EXERCISE AIM: The lines in the listing below are to be given again exactly, starting at the line holding "Hübsch Metall Wandlampe - Schwarz - Wandleuchte Hübsch" and ending at the line holding "Cake Server Pie". Do not include pictures.

DATA RECORDS:
- - - - - - -

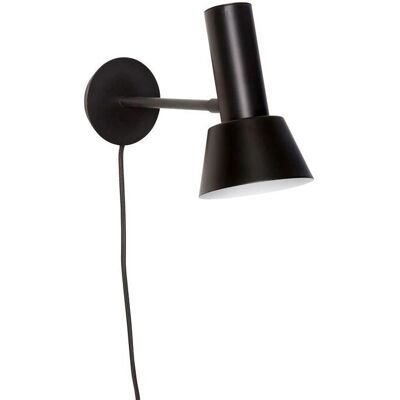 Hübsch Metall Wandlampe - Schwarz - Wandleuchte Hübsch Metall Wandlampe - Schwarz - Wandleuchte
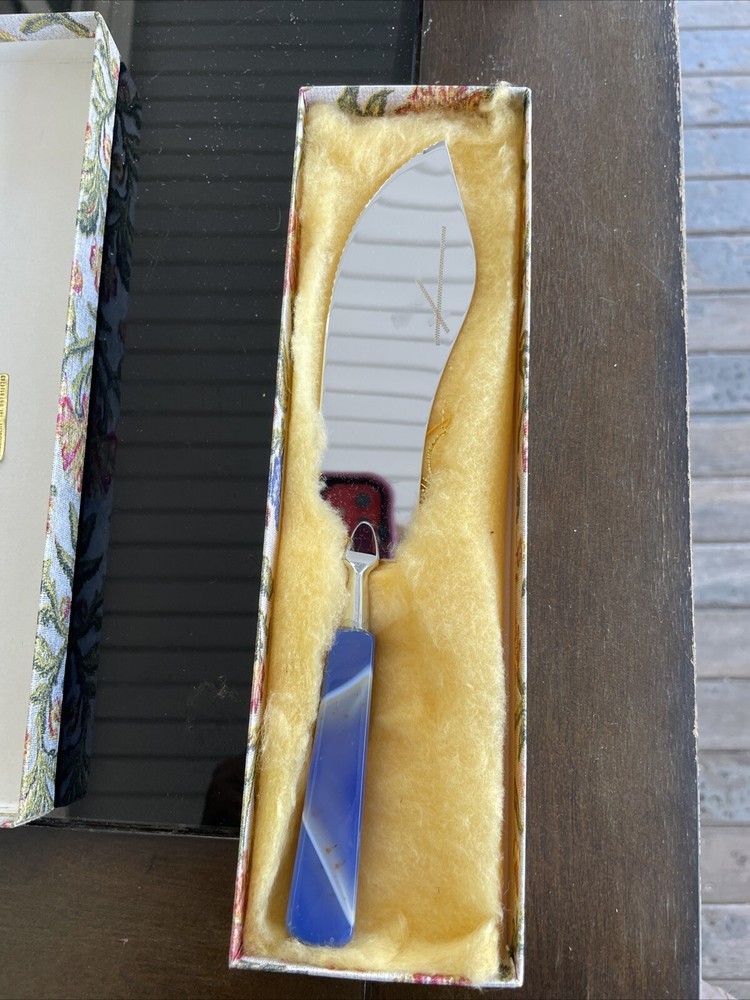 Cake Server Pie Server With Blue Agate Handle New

- - - - - - -

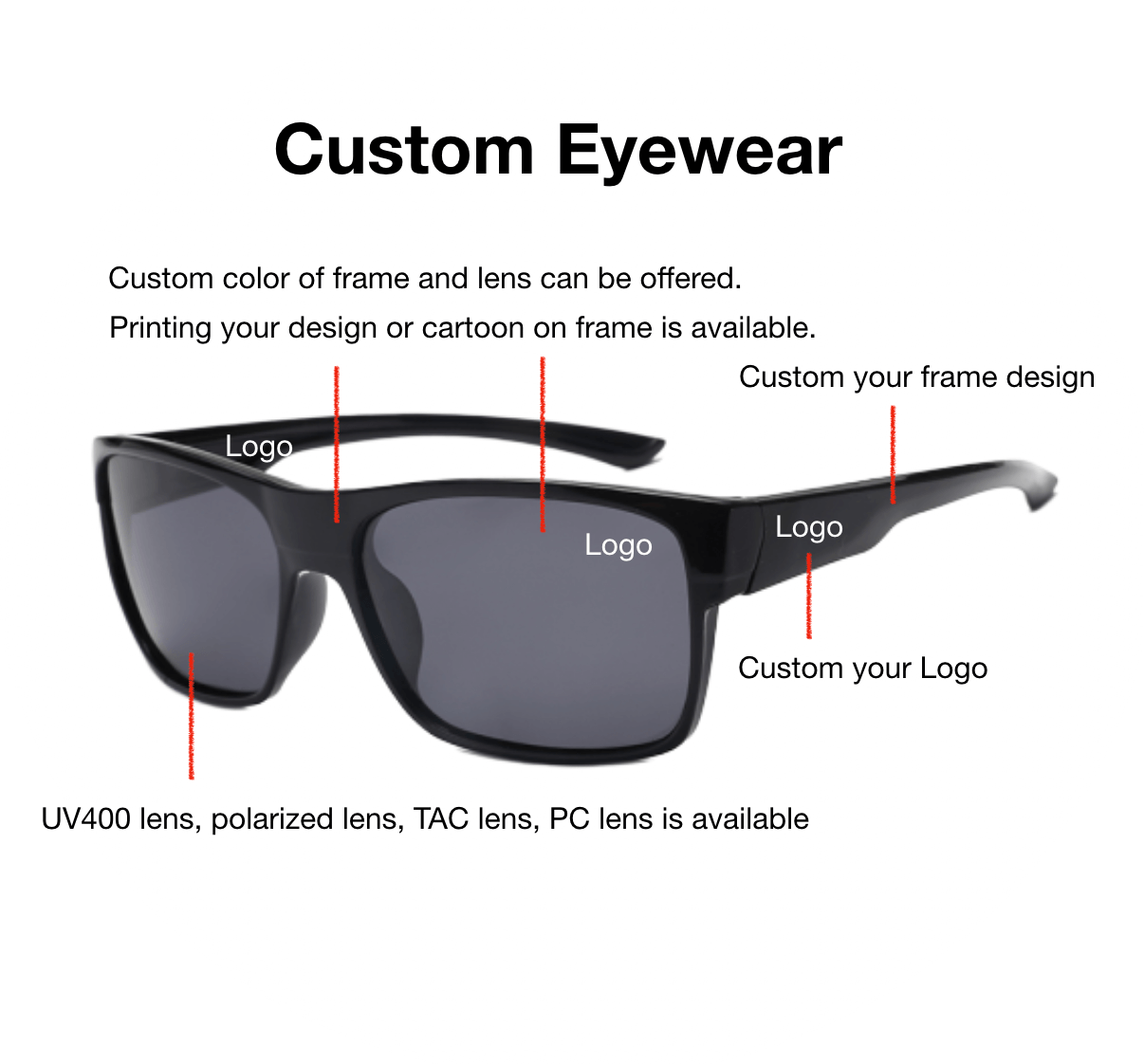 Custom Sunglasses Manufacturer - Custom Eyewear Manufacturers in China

- - - - - - -

TASK SOLUTION:
 Hübsch Metall Wandlampe - Schwarz - Wandleuchte Hübsch Metall Wandlampe - Schwarz - Wandleuchte
 Cake Server Pie Server With Blue Agate Handle New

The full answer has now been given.